Vienna, January 28, 1812.

As a punishment for your absolute silence I charge you with the immediate delivery of these two letters; a windbag of a Livonian promised to look after a letter to K. for me, but probably, the Livonians like the Russians being windbags and braggarts, he did nothing of the sort, although he gave himself out to be a great friend of his.... If the 3 songs by Goethe are not yet printed hurry with them; I should like soon to present them to Princess Kynsky, one of the handsomest, stoutest women in Vienna—and the songs from Egmont, why are they not yet out, in fact why not out, out, out with the whole of E?—do you perhaps want a close tacked on to an entreacte here and there, that might be, but have it done by a Leipsic Corrector of the Music. Zeitung, that kind of thing they understand like a slap in the face. Please charge the postage to me—it seems to me, I hear a whisper, that you are looking out for a new wife, to this I ascribe all the confusion mentioned above. I wish you a Xantippe like the wife of the holy Greek Socrates, so that I might see a German Verleger, which is saying a great deal, verlegen, ja recht in Verlegenheit.[91]

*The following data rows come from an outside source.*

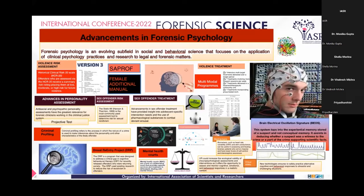First is violence risk assessment. Earlier risk assessment procedures lacked actuarial methods. Recently they have combined actuarial methods with clinical judgments to give structured professional judgment. There is a scale called HCR scale, which has been updated to version 3. They have included practical considerations such as risk management, risk formulation, and scenario planning.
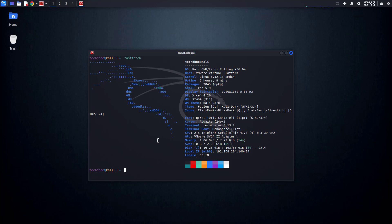Welcome to my YouTube channel. If you're facing issues with your Kali Linux repositories, you're in the right place. In this video, I'll show you how to fix the sources list file and get your package manager working perfectly again. So let's get started.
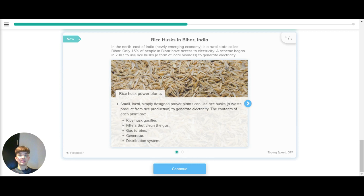Now let's take a look at rice husks in Bihar, India. In the northeast of India, which is a newly emerging economy, there is a rural state called Bihar. Only 15% of people in Bihar have access to electricity. A scheme began in 2017 to use rice husks, which is a form of local biomass, to generate electricity.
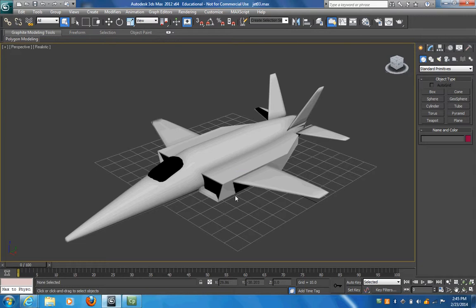Now this is very basic, so if we want to add more detail we could actually have a much nicer looking plane. Just remember, the more polygons you have, the higher your file size is going to be.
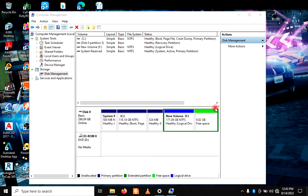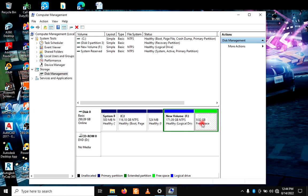So this is the partition created, it is the free space here. This is the partition. Now we shall give it a name and a drive letter.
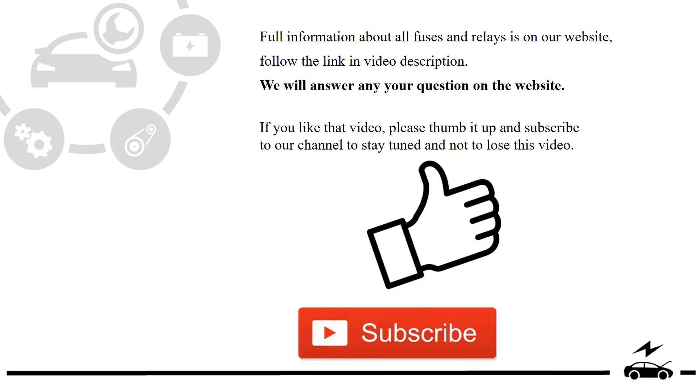Full information about all fuses and relays is on our website. Follow the link in video description. We will answer any question on the website.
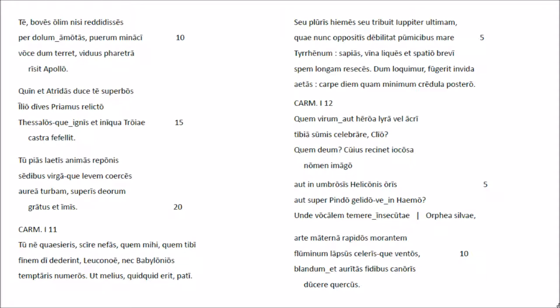Tune quaesiris, cirnefas, quam mihi, quam tibi finem didet erint leu conui, nec Babylonius tem taaris numerus, ut Melius quet quet erit patii.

Among the sufferers by the Finanz-Patent were the Ursuline nuns at Graz, whose institution, since 1802, had at no time less than 50 wards and always more than 350 pupils. At this juncture they were excessively poor and in debt. In the hope of gaining them some substantial aid Beethoven’s new friend, Varena, now wrote to him offering to pay him properly for the use of some of his compositions in a concert for their benefit to be given on Easter Sunday, March 29. Beethoven at once presented two of his new compositions to the Art Society of Graz for gratuitous use at charity concerts. At the concert on Easter Sunday there were eight numbers, Beethoven being represented by the overture to “King Stephen,” the march with chorus from “The Ruins of Athens,” the overture to “Egmont,” and the Septet. The nuns gained on the occasion the handsome sum of 1836 fl. 24k. Vienna Standard.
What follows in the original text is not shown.